Monday, April 26, 2010

Maybe obviously, part of what I’m trying to explore and to understand via the experiment of this blog is just what it is I do, what I want to do, and what I can do in the area of reading, thinking, and writing. Those who have known me over the past decade or so know well that I’ve struggled to align what I do, want to do and can do with what seems to be valued, recognized and rewarded in my profession. In other words, I have experienced something of a misalignment between what I do for a living and what I’d most like to be doing.

Some qualifiers: I do know that I’m fortunate to be making a living at all. Much of the world’s population struggles just to get enough to eat, to shelter and to clothe themselves. I also know that even among those who are able to make a living, the misalignment I just mentioned might not be all that uncommon. Indeed, for many people who make a living, their way of making a living may have nothing at all to do with what they most love to do. Some of those might pursue their love, their vocation, in their free time, using their day job to subsidize their passion. Others might, sadly, have just resigned themselves to a life lacking the cultivation and exercise of their vocation. So even within the set of those lucky enough to make a living, I know and appreciate that I am part of a lucky subset whose day job at least has something to do with what they love to do. I have a good job, with a great deal of flexibility in my schedule, summers off, and the opportunity to get paid to spend a fair amount of time playing in at least the general area of what I love: reading, writing, and thinking. So what’s my problem? Where’s the struggle? After all, I have tenure at the University of Michigan. I get to teach pretty much whatever I feel like teaching and, while my salary might go up more slowly and I might never be promoted to Full Professor because of it, nobody is breathing down my neck to publish.

I think it comes down to community. Now, community is a word that, in general, really irritates me. My experience with it in the academy is that it gets thrown around quite carelessly either in a self-congratulatory manner by people who believe a community gets made just by declaring it so, or in a hand-wringing gesture of lamentation by people who believe that community is a thing and that if they only had more of that thing (a thing, by the way, that someone else is supposed to provide them) then all their problems would magically vanish. Either way, it often winds up sounding sort of exclusive, formulaic and rigid, and somehow about perpetuating itself. Moreover, I’m a bit shy and somewhat introverted and so talk of community tends to make me nervous, my knotted stomach preparing in advance to shrink awkwardly in a corner trying to avoid everyone at the academic equivalent of a middle-school mixer.

But I recently had an experience for which I (and my fiancée Claire) could come up with no better word than community. And that experience has shed a certain light for me on my struggles over the past decade or so. I’m not sure I can (or want to) define community. But maybe if I can describe the experience, I’ll be able at least to extract from that description some of the qualities of what I think of as community.

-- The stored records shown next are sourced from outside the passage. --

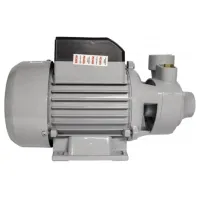 Pompă de suprăfață Resanta PSN-3300H 650 W 3300 l/ h photo 2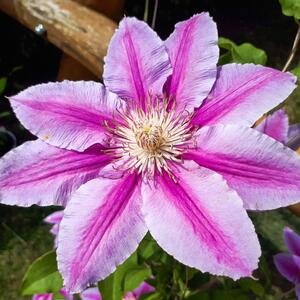 Clematis 'Dr. Ruppel'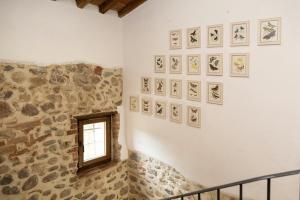 Mulino di Pari -Time Slows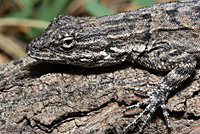 Long-tailed Brush Lizard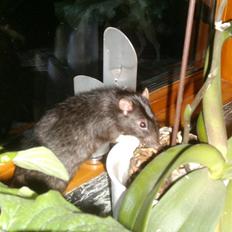 Tamrotte Max Rest In Peace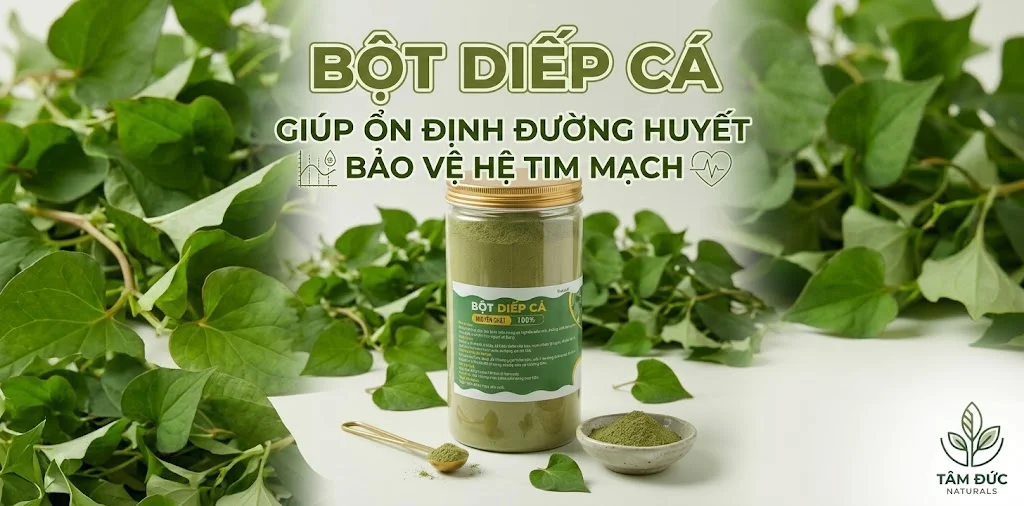 Bột diếp cá giúp ổn định đường huyết và bảo vệ hệ tim mạch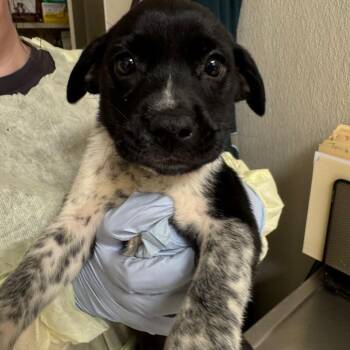 Mixed Breed Dogs Available for Adoption in Pekin, Illinois - McKay | PetCurious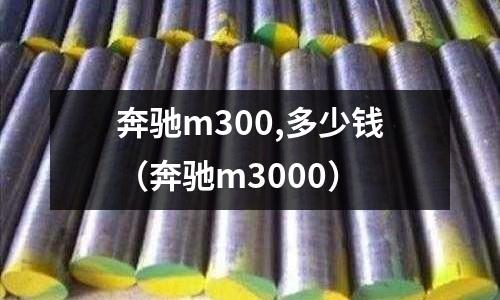 奔馳m300,多少錢（奔馳m3000）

Claire’s youngest sister, Louisa, came through St. Louis last week, on tour with her band, The Shondes. Along with Louisa, we hosted two other members of the band, Eli and Temim. They arrived on a Saturday afternoon, played an energetic set at a local club (to an extremely sparse crowd – a detail that may yet have some bearing on what I am calling community), and then stayed with us until Friday morning. They’d originally planned just to be with us until Wednesday morning, hoping that they could arrange for a gig in Memphis before their next scheduled appearance in Fayetteville on Friday night, but they seemed happy enough to scrap those plans when Claire and I somewhat sheepishly told them that we didn’t want them to leave. So we had about six days with The Shondes as our guests in our comfortable but not over-large two-bedroom apartment (a detail that may also have some bearing on what I am calling community).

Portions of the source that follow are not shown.